Aber das sind natürlich nur die unmaßgeblichen Meinungen dummer Autofahrer. Dass die keine Ahnung haben, sollte wohl auch eine in dieser Woche veröffentlichte Umfrage beweisen. Demnach sind diese, also die Autofahrer, zunehmend verwirrt von den vielen Abkürzungen. So wünschen sich laut der Umfrage zwar 82 Prozent der Autofahrer eine Klimaanlage in ihrem Fahrzeug, nur 55 Prozent können hingegen etwas mit dem Kürzel A/C was anfangen. Nicht mitgeteilt wurde, wo zwischen diesen beiden Zahlen eigentlich der Zusammenhang besteht. Andererseits wünschen sich 58 Prozent eine Einparkhilfe, also eine Park Distance Control (PDC), wobei immerhin 72,5 Prozent diese Abkürzung kannten. Echt jetzt? Das können wir uns ehrlich gesagt kaum vorstellen. Und deshalb billigen wir dieser Umfrage eine ähnliche Repräsentativität zu wie unserer oben erwähnten zum Thema Abgasnorm.
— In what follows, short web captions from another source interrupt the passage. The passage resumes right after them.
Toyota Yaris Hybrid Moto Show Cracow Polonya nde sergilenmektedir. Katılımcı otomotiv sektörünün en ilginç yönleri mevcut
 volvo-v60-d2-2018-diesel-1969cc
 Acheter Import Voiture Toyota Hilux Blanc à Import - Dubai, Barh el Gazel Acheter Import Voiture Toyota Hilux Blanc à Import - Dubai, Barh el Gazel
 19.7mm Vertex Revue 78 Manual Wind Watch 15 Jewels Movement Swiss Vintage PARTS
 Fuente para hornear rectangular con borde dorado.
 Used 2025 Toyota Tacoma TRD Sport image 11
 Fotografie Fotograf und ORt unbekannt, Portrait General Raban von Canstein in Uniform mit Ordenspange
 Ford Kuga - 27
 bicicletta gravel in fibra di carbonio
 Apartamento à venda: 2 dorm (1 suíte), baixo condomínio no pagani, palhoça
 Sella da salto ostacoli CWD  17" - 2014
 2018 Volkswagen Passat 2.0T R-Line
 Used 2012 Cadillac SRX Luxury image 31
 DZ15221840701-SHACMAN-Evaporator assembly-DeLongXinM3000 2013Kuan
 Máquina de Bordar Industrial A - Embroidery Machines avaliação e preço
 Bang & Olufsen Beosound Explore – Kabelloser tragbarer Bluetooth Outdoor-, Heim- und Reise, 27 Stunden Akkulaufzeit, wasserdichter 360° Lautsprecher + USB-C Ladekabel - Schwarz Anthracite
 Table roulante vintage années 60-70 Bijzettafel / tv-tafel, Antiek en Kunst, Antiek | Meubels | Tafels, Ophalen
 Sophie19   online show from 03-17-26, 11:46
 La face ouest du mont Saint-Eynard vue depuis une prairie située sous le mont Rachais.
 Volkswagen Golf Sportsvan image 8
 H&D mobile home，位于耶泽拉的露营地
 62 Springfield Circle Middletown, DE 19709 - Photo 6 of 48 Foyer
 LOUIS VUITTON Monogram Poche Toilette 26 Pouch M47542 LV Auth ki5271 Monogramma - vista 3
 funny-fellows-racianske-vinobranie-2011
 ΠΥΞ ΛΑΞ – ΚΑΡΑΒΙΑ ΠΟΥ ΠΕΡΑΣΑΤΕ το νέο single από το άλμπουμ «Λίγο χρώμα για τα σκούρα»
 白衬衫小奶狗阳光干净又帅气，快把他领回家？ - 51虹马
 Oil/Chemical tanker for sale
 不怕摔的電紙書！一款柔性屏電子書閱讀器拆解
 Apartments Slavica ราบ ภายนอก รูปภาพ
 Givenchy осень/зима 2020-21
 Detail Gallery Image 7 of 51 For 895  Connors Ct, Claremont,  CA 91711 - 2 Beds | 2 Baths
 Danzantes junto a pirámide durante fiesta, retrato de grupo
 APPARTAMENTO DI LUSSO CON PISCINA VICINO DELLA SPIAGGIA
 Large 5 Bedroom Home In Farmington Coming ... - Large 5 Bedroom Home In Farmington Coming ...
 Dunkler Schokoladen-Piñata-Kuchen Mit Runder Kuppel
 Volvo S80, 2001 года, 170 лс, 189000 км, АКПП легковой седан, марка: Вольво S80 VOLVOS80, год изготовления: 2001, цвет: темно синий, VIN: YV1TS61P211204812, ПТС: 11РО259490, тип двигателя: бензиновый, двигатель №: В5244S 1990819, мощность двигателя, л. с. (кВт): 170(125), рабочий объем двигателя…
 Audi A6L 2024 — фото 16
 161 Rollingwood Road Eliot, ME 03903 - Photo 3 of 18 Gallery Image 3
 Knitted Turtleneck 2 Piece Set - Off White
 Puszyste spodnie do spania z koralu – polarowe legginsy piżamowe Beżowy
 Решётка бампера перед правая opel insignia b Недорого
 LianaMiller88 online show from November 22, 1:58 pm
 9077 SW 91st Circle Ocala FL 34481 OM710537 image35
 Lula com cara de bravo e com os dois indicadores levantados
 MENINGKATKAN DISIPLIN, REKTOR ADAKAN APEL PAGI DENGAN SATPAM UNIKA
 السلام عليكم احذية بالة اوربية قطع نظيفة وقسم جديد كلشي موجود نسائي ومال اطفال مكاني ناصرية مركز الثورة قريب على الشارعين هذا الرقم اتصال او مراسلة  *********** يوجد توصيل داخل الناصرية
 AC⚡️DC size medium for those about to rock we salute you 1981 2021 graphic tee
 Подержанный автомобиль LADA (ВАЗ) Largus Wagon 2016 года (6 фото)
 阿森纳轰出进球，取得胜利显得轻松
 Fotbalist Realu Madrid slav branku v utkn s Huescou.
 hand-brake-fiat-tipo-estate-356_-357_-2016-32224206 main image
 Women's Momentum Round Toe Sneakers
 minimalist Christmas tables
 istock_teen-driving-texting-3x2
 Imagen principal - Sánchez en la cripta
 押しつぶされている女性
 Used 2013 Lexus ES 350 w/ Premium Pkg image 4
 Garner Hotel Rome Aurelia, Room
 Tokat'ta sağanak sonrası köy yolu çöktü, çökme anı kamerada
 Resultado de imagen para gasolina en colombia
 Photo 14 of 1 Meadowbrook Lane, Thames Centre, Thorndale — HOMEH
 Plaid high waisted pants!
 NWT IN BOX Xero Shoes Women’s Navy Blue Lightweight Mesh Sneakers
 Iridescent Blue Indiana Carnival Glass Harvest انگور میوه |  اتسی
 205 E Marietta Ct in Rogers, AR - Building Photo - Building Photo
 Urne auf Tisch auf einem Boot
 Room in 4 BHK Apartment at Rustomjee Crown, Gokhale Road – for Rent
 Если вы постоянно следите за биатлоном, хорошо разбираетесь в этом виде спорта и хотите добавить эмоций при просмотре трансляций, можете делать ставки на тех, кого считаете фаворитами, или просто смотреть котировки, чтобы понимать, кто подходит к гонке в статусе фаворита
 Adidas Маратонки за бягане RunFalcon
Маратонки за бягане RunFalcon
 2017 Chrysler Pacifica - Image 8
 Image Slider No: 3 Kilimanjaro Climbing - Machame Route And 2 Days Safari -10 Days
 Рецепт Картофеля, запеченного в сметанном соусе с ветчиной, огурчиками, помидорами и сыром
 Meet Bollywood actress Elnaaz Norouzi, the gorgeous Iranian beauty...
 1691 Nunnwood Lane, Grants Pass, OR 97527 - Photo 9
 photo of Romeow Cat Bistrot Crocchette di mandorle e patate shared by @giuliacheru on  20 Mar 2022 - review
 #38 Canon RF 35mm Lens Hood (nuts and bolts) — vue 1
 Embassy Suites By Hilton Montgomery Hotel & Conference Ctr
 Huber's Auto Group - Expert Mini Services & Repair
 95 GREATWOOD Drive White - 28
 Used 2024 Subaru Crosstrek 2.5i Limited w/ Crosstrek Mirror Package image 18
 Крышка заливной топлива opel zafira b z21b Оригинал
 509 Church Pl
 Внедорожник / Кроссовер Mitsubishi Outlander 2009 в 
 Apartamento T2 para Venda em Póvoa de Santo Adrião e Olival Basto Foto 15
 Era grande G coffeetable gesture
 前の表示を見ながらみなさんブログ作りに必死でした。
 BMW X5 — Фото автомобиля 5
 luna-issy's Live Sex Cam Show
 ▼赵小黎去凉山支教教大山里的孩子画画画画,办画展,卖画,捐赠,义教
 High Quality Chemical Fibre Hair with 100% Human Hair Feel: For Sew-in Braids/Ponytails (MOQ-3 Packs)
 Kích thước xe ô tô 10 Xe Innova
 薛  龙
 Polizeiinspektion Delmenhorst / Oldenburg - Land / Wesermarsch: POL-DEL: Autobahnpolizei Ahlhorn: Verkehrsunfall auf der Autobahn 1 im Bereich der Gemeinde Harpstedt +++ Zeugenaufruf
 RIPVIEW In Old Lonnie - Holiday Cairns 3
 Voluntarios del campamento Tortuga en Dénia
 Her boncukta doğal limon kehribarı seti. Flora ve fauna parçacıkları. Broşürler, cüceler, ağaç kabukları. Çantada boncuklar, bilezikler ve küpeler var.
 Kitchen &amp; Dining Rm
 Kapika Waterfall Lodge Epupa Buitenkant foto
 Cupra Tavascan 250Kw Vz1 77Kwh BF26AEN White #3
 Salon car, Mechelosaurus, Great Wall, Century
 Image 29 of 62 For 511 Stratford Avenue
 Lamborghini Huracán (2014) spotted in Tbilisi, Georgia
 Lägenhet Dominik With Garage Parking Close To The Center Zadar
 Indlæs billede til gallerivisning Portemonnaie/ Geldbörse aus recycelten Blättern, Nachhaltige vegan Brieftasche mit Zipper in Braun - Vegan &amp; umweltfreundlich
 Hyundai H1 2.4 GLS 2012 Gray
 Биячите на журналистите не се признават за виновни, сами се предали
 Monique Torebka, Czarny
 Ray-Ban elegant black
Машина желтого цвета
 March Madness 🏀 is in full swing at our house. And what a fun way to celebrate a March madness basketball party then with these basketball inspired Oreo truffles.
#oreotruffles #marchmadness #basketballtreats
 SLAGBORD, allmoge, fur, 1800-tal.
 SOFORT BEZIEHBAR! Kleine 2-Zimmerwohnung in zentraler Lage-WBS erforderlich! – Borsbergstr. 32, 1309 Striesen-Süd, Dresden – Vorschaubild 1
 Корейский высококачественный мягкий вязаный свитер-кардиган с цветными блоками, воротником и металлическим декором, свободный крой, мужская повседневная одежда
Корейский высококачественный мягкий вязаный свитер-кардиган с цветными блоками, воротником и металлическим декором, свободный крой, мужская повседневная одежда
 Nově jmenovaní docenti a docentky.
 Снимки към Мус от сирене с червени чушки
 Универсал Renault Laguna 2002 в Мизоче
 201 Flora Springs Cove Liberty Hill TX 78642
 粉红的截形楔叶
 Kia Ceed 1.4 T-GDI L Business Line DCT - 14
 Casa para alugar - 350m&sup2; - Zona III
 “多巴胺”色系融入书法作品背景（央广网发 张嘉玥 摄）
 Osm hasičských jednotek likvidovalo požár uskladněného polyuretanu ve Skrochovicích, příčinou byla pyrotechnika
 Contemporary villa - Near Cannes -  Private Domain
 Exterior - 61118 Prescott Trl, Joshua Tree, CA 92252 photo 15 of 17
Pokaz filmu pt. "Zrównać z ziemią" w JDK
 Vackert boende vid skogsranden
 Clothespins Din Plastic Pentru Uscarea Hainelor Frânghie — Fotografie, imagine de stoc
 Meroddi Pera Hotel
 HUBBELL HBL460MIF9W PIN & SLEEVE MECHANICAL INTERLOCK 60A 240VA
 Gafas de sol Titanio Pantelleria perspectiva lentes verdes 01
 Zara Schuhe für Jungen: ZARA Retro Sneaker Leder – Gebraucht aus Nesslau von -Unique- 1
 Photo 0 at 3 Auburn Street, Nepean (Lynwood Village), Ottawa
Oder es ist einfach so, dass der Autofahrer - und hier speziell der deutsche Autofahrer - einfach ein unbekanntes Wesen bleibt. Dafür spricht das Ergebnis einer weiteren Umfrage (ja, an solchen herrscht weiterhin wahrlich kein Mangel). Diese wiederum kommt zu dem Ergebnis, das Autofahrer die Sicherheit durch Dashcams im Falle eines Unfalls oder sonstigen Problems auf der Straße höher einschätzen, als den Datenschutz. Das glauben wir sofort, denn zum deutschen Wesen gehört ja nun zwingend das Bedürfnis nach (vermeintlicher) Sicherheit dazu. Was sind dagegen schon Persönlichkeits- und Datenschutzrechte, zumal wir diese ja sowieso permanent auf dem Altar der ständigen Kommunikation kostenlos amerikanischen Großunternehmen opfern? Und die Verlockung, über eine Dashcam einem anderen Verkehrsteilnehmer Fehlverhalten beweisen zu können, ist für uns doch geradezu überwältigend. Dass es einen dabei auch selbst erwischen könnte, wird geflissentlich ignoriert. Denn auch das gehört zur deutschen Seele: Schuld haben sowieso immer nur die anderen. Sonst noch was? Nächste Woche wieder.